Tevrat inmezden evvel Yakubun kendi nefsine haram kıldığından başka bütün yiyicekler, İsrailoğullarına helal idi. Ey Rasûlüm, de ki: Eğer iddianızda doğru iseniz Tevratı getirip okuyun".

Yakubun neslinden meydana gelen İsrailoğullarına, Mûsaya Tevrat gelmeden öene, Yakubun bizzat kendisine haram kıldığı yiyecekler dışında bütün yiyecekler helal idi.

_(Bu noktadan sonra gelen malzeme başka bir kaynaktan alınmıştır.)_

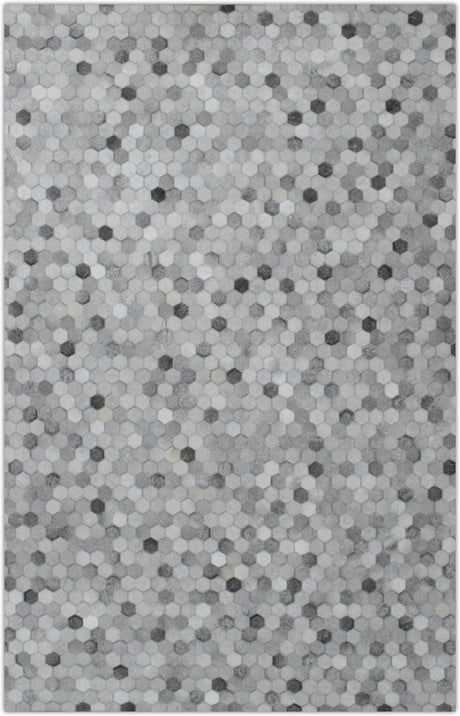 Modern Style Handmade Genuine Leather Silver Area Rug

De ki: "Ey Yahudi topluluğu, eğer iddianızda doğru iseniz Tevratı getirip okuyun ki yalancı olduğunuz orltaya çıksın.

Müfessirler, bu âyet-i kerime’de "İsrail" diye isimlendirilen Hazret-i Yakubun, Tevrat gelmeden önce kendisine haram kıldığı şeyin, Tevrat tarafından da haram kılınıp kılınmadığı hususunda farklı görüşler zikretmişlerdir.

Süddiye göre Hazret-i Yakubun, Tevrat inmeden önce kendisine haram kıldığı şeyi, Tevrat inince de İsrailoğullarına haram kılmıştır. Şöyle ki "Hazret-i Yakup geceleri "İrkunnisa" diye adlandırılan sinir (siyatik) hastalığından rahatsızlanıyor, gündüzleri ise iyileşiyordu. Bunun üzerine hastalığında iyileştiği takdirde etlerin içindeki damarları yemeyeceğine dair Allah’a yemin etti. Allah da Tevratta, damarları İsrailoğullarına haram kıldı.

Dehhaka göre ise Hazret-i Yakubun, Tevrat inmeden önce kendisine haram kıldığı şeyi Tevrat gelince İsrailoğullarına haram kılmıştır. Fakat, İsrailoğulları, atalan Hazret-i Yakuba tabi olarak onun haram kıldığını kendilerine haram kılmışlar sonra da bunun, Allah tarafından kendilerine haram kılındığını iddia etmişlerdir. Âyet-i kerime, onların bu iddialarını yalanlamaktadır.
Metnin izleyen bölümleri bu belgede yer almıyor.